His last and most enigmatic symphony is littered with various musical quotations – a combination of his own work, Rossini's William Tell, Wagner, and Mahler.  


After the second World War, Shostakovich gained further recognition worldwide. He started receiving several invitations to participate in cultural events and music festivals around the globe. He won the International Peace Prize in 1954 and was awarded the State Prize 5 times between 1941 to 1952. He was also chosen as the People's Artist of the USSR during this period. He served as the secretary of the Union of Composers of USSR between 1957-1975. He promoted various talented musicians, namely Boris Tishchenko, Karen Khachaturyan, Georgi Sviridov and Andrei Petrov. 
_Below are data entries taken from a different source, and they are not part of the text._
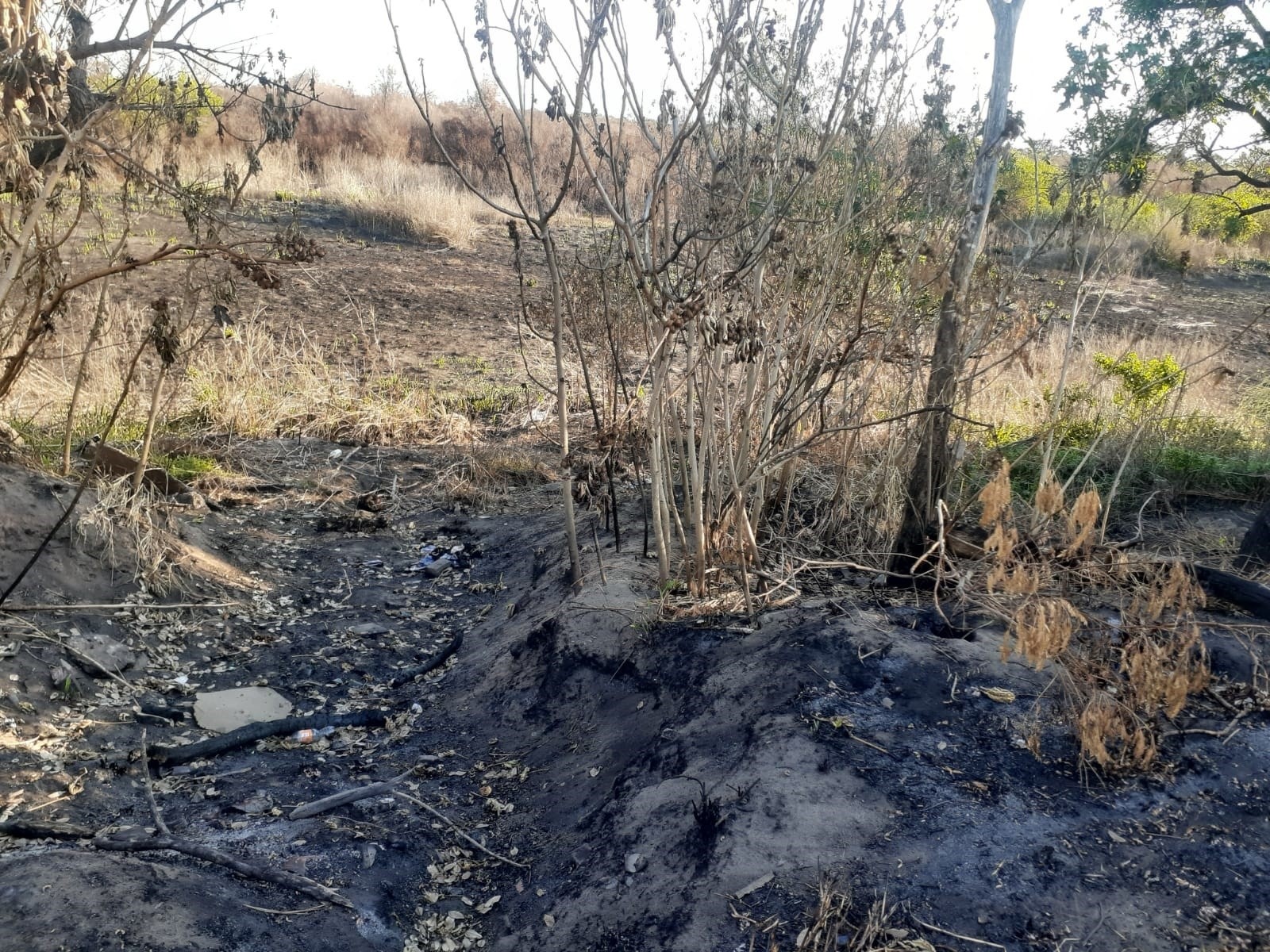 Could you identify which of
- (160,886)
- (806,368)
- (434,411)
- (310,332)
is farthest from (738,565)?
(310,332)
He collaborated with Evgeniy Evtushenko on a setting of poems by Yevtushenko, creating the famous Symphony No. 13 "Babi Yar.” His best-known film scores include Grigoriy Kozintsev's acclaimed film Hamlet (1964) and 'Suite from The Gadfly' from The Gadfly (1955),

A Polarizing Figure 

He was married four times to three different women, remarrying his first wife after an initial divorce. He had two children, Galina, and Maxim (who became a pianist, continuing the family trend). Shostakovich passed away on August 9th, 1975 while suffering from lung cancer. However, the official eulogy offered a palpable sense of irony, praising him for acquiring his inspirations from the realities of Soviet life. It further hinted how he reasserted his creativity with socialist realism, contributing to a progressive musical heritage. 

A stunningly original composer embroidered with the scars of political intervention, Shostakovich was hailed as one of the greatest composers of the 20th century. His centennial was widely celebrated in 2006. A substantial part of his works had firmly established itself in the standardized repertory of the musical folklore.